# Feed Sugar on the inner cover



## BeeCurious (Aug 7, 2007)

I have used fondant over inner covers for "insurance feeding". Here is a cheaper alternative: http://www.beesource.com/forums/sho...eeding-sugar-from-the-bag&p=876201#post876201


----------



## mgolden (Oct 26, 2011)

This only works in warmer climates. Bees stay in a tight cluster when hive temp is below 55F and the cluster only moves when hive temp is 40 to 45F. 

Had a hive dive last winter in February in cold weather. It was a late swarm capture and I knew it was light on stores. Had 20 lbs of sugar above an inner cover with an open 3 1/2 inch round hole in the center and the cluster got stranded in the frames.

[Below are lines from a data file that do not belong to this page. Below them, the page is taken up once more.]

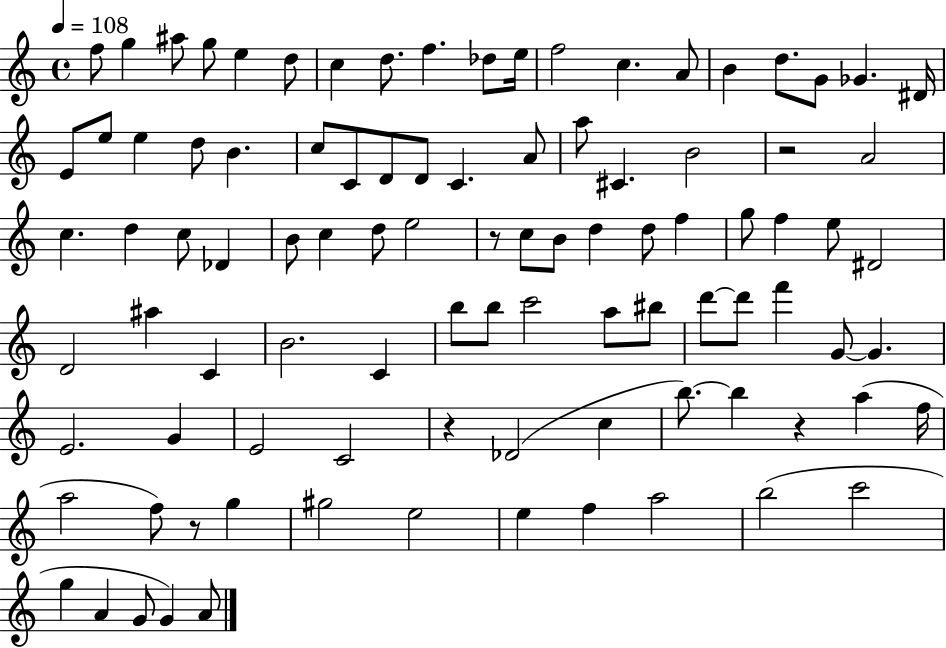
X:1
T:Untitled
M:4/4
L:1/4
K:C
f/2 g ^a/2 g/2 e d/2 c d/2 f _d/2 e/4 f2 c A/2 B d/2 G/2 _G ^D/4 E/2 e/2 e d/2 B c/2 C/2 D/2 D/2 C A/2 a/2 ^C B2 z2 A2 c d c/2 _D B/2 c d/2 e2 z/2 c/2 B/2 d d/2 f g/2 f e/2 ^D2 D2 ^a C B2 C b/2 b/2 c'2 a/2 ^b/2 d'/2 d'/2 f' G/2 G E2 G E2 C2 z _D2 c b/2 b z a f/4 a2 f/2 z/2 g ^g2 e2 e f a2 b2 c'2 g A G/2 G A/2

Far better to have emergency food on top of the frames.


----------



## bison (Apr 27, 2011)

I have put Dryvert on the inner cover of hives I have in Marin and in Lake County. Some have taken it voraciously, some don't seem to have touched it. I presume given our climate that the bees will move around enough to get to it. I do have a couple hives without inner covers and I just put the Dryvert on top of the frames with a sheet of newspaper.


----------



## Michael Bush (Aug 2, 2002)

I prefer it on newspaper as the cluster can eat through the paper wherever they may be and the bees eating the sugar don't have to leave the cluster so they can eat it no matter how cold it is.


----------



## brooksbeefarm (Apr 13, 2008)

I feed sugar like michael said, only i lay a newspaper on top of the frames spray a light coat of water on the paper, put a 1" layer of sugar on it, spray another light coat of water on the sugar, put another layer of sugar on, ect. until i have 8# to 10# of sugar on. I try to do this before the temp. goes below 60# when spraying water, the water makes the sugar cake up and hold together.I have brought several light hives through the winter this way.


----------



## AstroBee (Jan 3, 2003)

I agree with the last two posts. Get the feed right where the bees need it. Make sure to put sugar breaks as explained by brooksbeefarm. I see very little advantage of placing it on the inner cover.


----------



## radu43 (May 29, 2011)

So in this method do you still use a inner cover? I would think that there not enough space between inner cover and the frames.


----------



## brooksbeefarm (Apr 13, 2008)

I don't use a innercover when feeding sugar, i make 3" or 4" shims to allow a space for the sugar.


----------



## AstroBee (Jan 3, 2003)

I use an empty medium box with an inner cover on top.


----------



## Beesknees01 (Dec 31, 2012)

I gave them moist granulated sugar this winter, but I'm not sure if the bees taking it or throwing it away!!??


----------



## Michael Bush (Aug 2, 2002)

You need to wet it some with a spray bottle of water to make it clump or they will throw it away.


----------



## squarepeg (Jul 9, 2010)

another approach is to mix the sugar up with just enough water to make a paste, (about one part water to nine parts sugar).

you can form this paste into patties, and it can be utilized without the bees having bring water to it.

i also follow mr. bush's suggestion to add some vitamin c (ascorbic acid), roughly 1000 mg per gallon, to lower the ph of the mixture.

in late winter or early spring, if the bees will be brooding, i throw some pollen substitute in there too.
this ends up 8 parts sugar, 1 part pollen sub, 1 part water, and some vitamin c.

(i would only feed them this if they are out of stores, and to prevent starvation, put it on the top bars over the cluster)


----------